- Genre: Period drama Romance Melodrama Crime Action
- Written by: Na Yeon-sook
- Directed by: Lee Hyun-jik
- Starring: Hwang Jung-eum Ryu Soo-young Jung Kyung-ho
- Composer: SBS Content Hub
- Country of origin: South Korea
- Original language: Korean
- No. of episodes: 37

Production
- Executive producer: Kim Young-sub
- Producer: Lee Sang-min
- Production location: Korea
- Running time: 60 minutes
- Production company: Story TV

Original release
- Network: SBS TV
- Release: June 21 – October 26, 2014

= Endless Love (2014 TV series) =

2014 South Korean television series

Endless Love is a 2014 South Korean television series directed by Lee Hyun-jik and written by Na Yeon-sook, with an ensemble cast starring Hwang Jung-eum, Ryu Soo-young, and Jung Kyung-ho. It aired on SBS from June 21 to October 26, 2014 on Saturdays and Sundays at 22:00 for 37 episodes.

==Plot==
A period drama that tells the story of the loves, dreams, and ambitions of a woman who lived from the 1970s to the 1990s, an era of great political and economic upheaval in South Korea.
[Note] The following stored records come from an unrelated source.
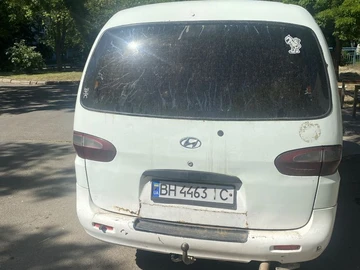 Авто Hyundai H200 1998 № 8871763
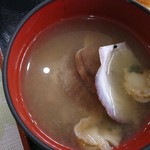 レストラン大阪 - 陸奥湾産帆立稚貝の味噌汁（稚貝ゴロゴロ、お代わりしました）
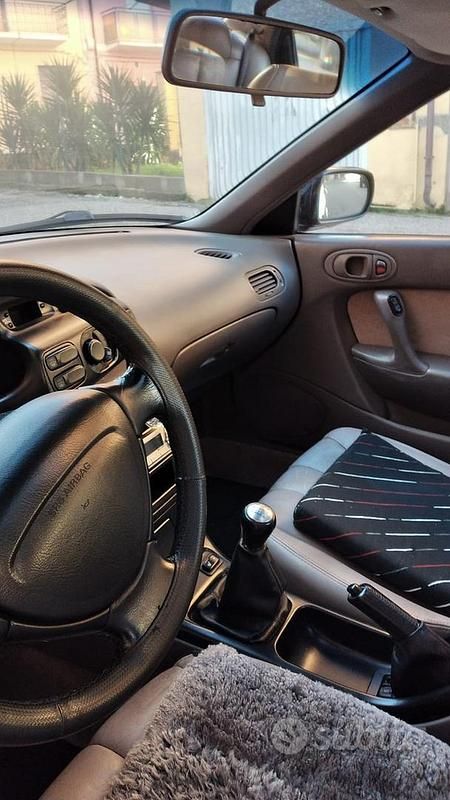 Usata Mazda Xedos 140 CV (102 kW) 1996 Blu Berlina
Seo In-ae is determined to do whatever it takes to avenge her murdered mother. She also faces many trials and tribulations while upholding justice and the law in her profession, where she meets important government and military figures. Brothers Han Gwang-hoon and Han Gwang-cheol were her childhood friends. In-ae and Gwang-hoon loved each other, but their ambitions and conflict of interests marred their relationship. On the other hand, Gwang-cheol has always loved In-ae passionately.

==Cast==

===Main characters===
- Hwang Jung-eum as Seo In-ae
  - Bang Yoo-sul as young In-ae
She witnessed the murder of her mother as a child. She grows up as a smart, beautiful, and ambitious woman who wants to help people seeking justice, while hoping that someday she can avenge her mother. She knows how to persuade people. After a stint in juvenile detention she is discovered by a famous film director and becomes an actress for a brief period. She is later imprisoned and tortured, then passes the bar exam to become a human rights lawyer.
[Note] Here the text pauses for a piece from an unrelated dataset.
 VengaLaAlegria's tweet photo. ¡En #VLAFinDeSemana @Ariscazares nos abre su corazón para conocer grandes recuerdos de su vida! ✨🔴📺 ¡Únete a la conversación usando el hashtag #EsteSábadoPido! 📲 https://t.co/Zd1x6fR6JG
- Ryu Soo-young as Han Gwang-hoon
  - Choi Ha-ho as young Gwang-hoon
Eldest son of a poor fisherman's family. He and Seo In-ae have loved each other since childhood. Cool-headed, charismatic and sometimes shrewd, he is a genius who strives to become a powerful and successful person. Conscripted into the army, he becomes the assisting officer to General Cheon Tae-woong who serves as a father figure and mentor. Gwang-hoon is sent abroad to study in the United States and continues as aide-de-camp to General Cheon who leaves the army to head the National Security department, and later runs for political office.
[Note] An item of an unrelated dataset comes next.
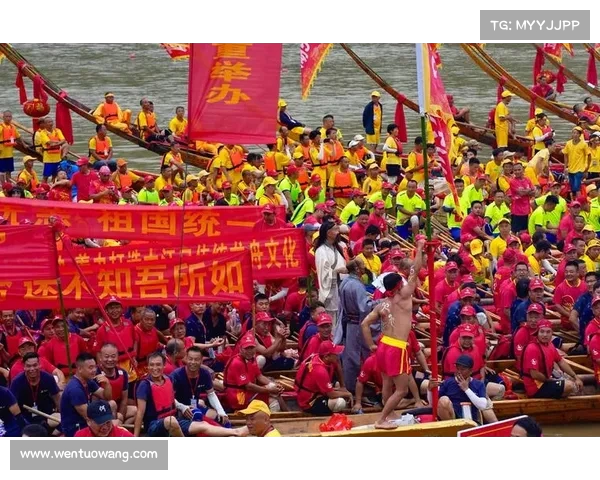 贵州高手倒立划龙舟惊艳全场 漂浮水面如轻功飞渡 波浪劈开成V字 贵州高手倒立划龙舟惊艳全场 漂浮水面如轻功飞渡 波浪劈开成V字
- Jung Kyung-ho as Han Gwang-cheol
  - Jo Yong-jin as young Gwang-cheol
Han Gwang-hoon's hot-blooded brother. He has one-sided love towards Seo In-ae. She has always been his main driving force in life, to the point that he is determined to be with her until he dies. He likes to fight. In Japan he meets businessman Chairman Son who is the brother of the Prime Minister; subsequently Gwang-cheol becomes manager of Son's hotel in Seoul, and also president of Hanseo Construction which was formed as the family business moved on from fishing to construction.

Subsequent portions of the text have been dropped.